A couple of things.
I was rather amused to get an email from Sunset Tours this morning with the subject title: Air Zimbabwe Specials and Extra Baggage Allowances. The departure hall at Harare International Airport is a scary sight on the night that Air Zimbabwe flies to London. You can hardly swing a bag for the masses fleeing our sinking ship. Now with Extra Baggage Allowances one wonders if the plane will even get off the ground. By the sound of it (low and loud) it would seem that ScareZim clears my roof – I’m in the flight path – by barely a few feet as it is.
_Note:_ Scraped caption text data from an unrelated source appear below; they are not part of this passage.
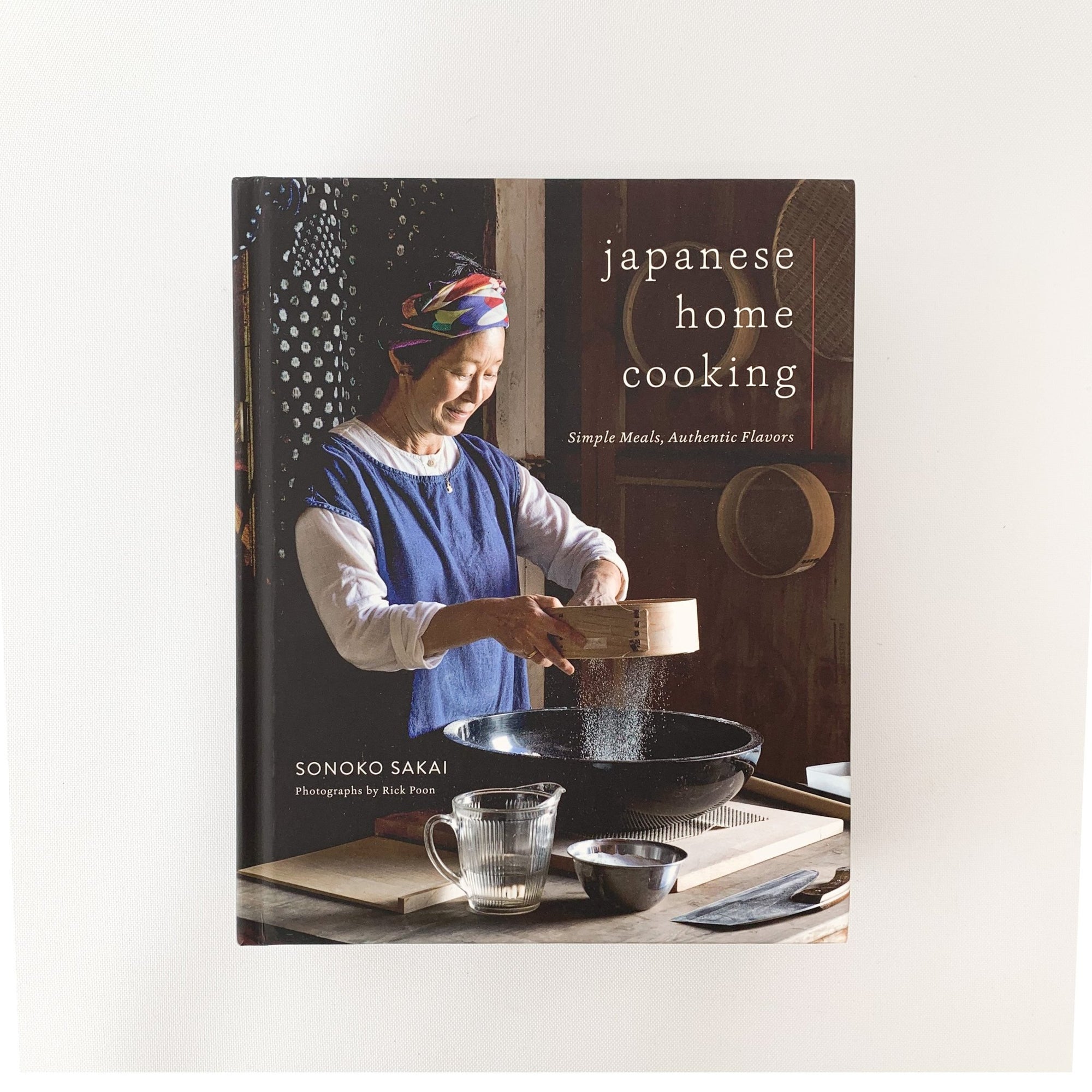Japanese Home Cooking: Simple Meals, Authentic Flavors by Sonoko Sakai - tortoise general store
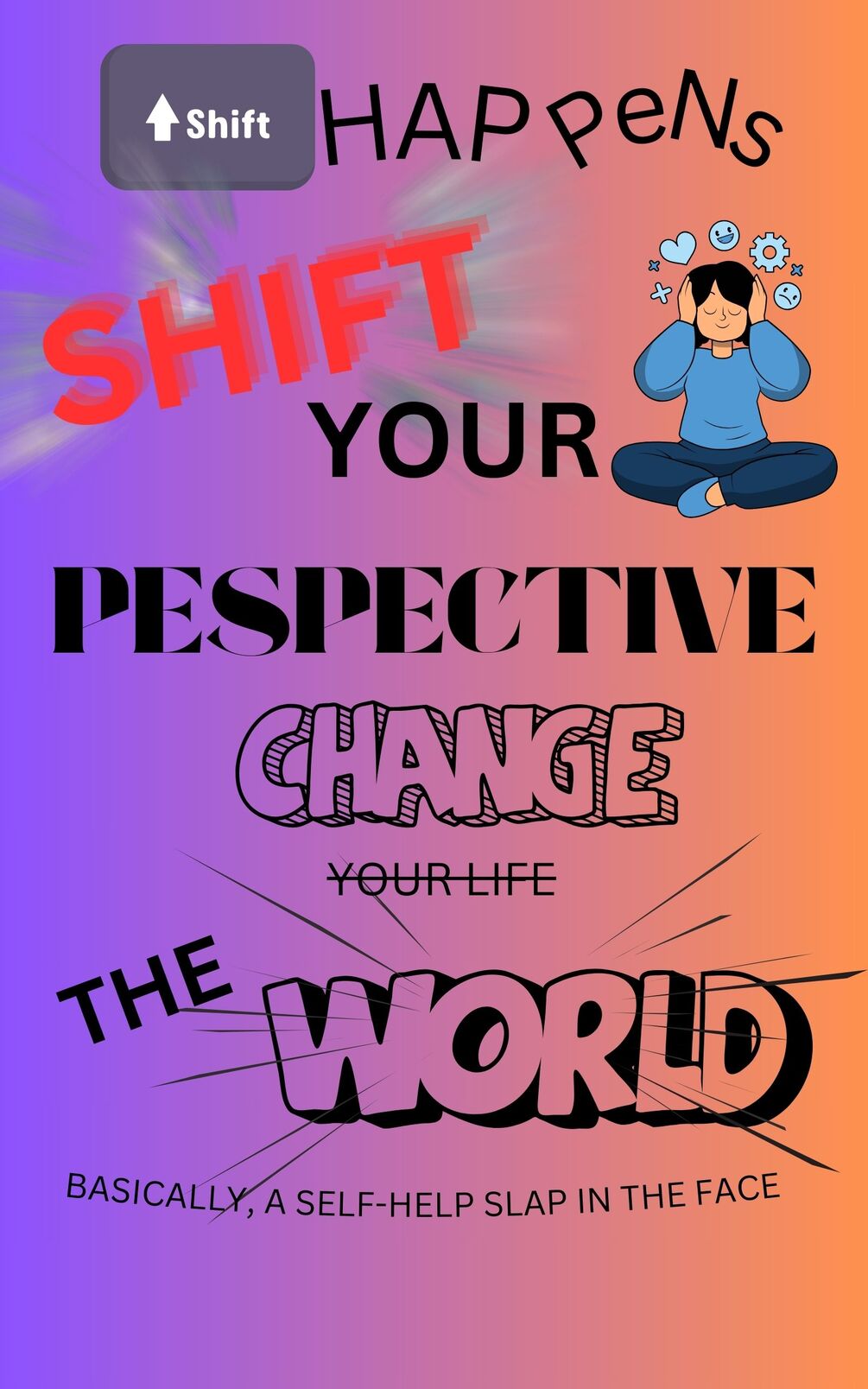 Shift your perspective change the world
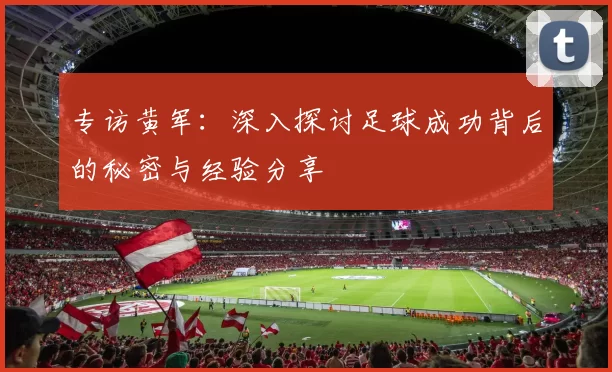 专访黄军：深入探讨足球成功背后的秘密与经验分享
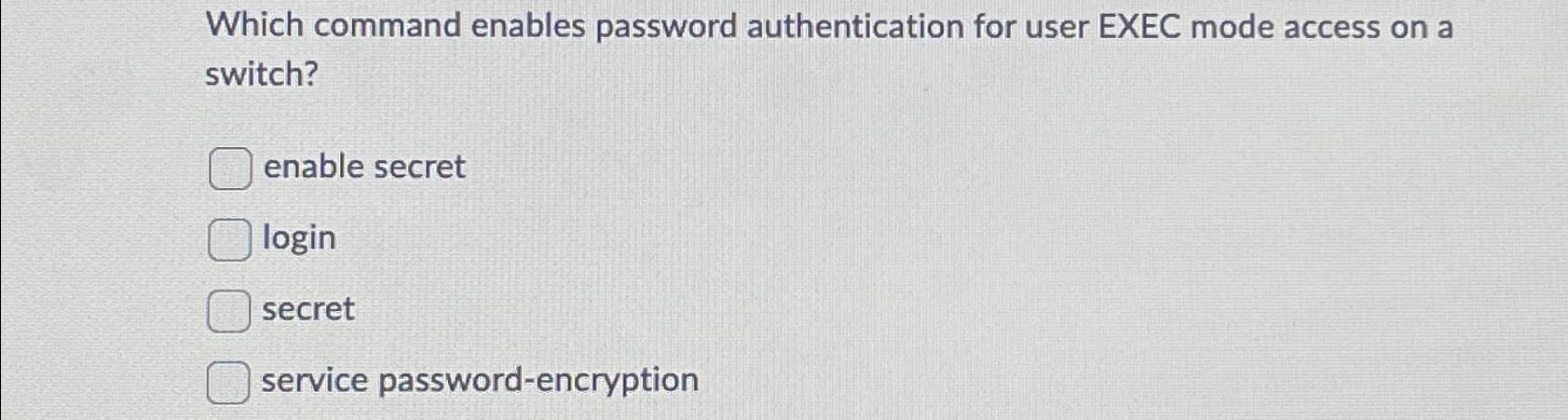 Which command enables password authentication for user EXEC mode access on a switch? enable secret login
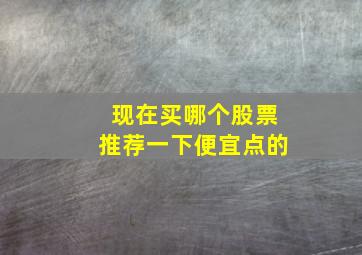 现在买哪个股票推荐一下便宜点的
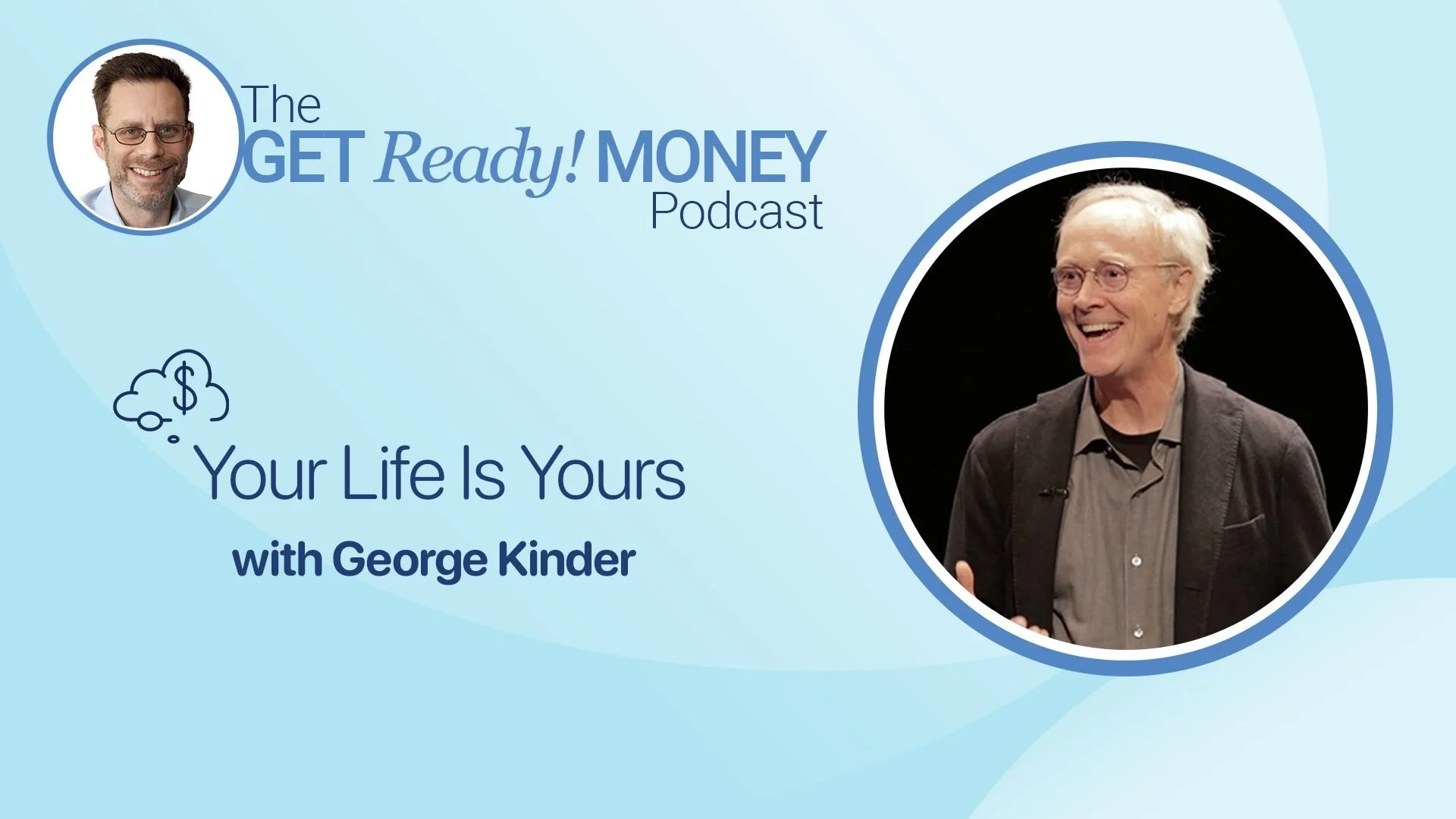 Live Your Most Meaningful Life Now! Featuring George Kinder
Then I laughed at a headline just seen: Zimbabwe Places Military On Alert: Says Opposition Planning A Coup. Hmmm. The Movement for Democratic can plan an election at best, and interminable board meetings at worst. But a coup is certainly outside of their capabilities. A headline like this is just another example of the type of propaganda that’s churned out by the state.
Meanwhile Tendai Dumbutshena writing for the Zimbabwe Times seems to have his head screwed on right going by his article Time for MDC to make big decision. OK, we got that, awhile back. Besides the fact that they are way over the deadline on making a decision, the fact is that they need to make a decision. Scary thought, I know. But Tendai puts things quite clearly . . .
Morgan Tsvangirai’s MDC meets on Sunday 18 January to decide whether to join the proposed inclusive government. It is imperative for the MDC to arrive at a clear decision that leaves no room for uncertainty or ambiguity. It is now four months since the Global Political Agreement (GPA) was signed on 15 September 2008. A lot has transpired in that time. The MDC should be in a position to make a firm decision based on concrete facts and not unrealistic hopes.
This is no time to dilly-dally. The party is either joining the government or opting out. There are no more SADC summits that will help the situation. All parties including SADC have made their positions crystal clear. It is decision time for the MDC.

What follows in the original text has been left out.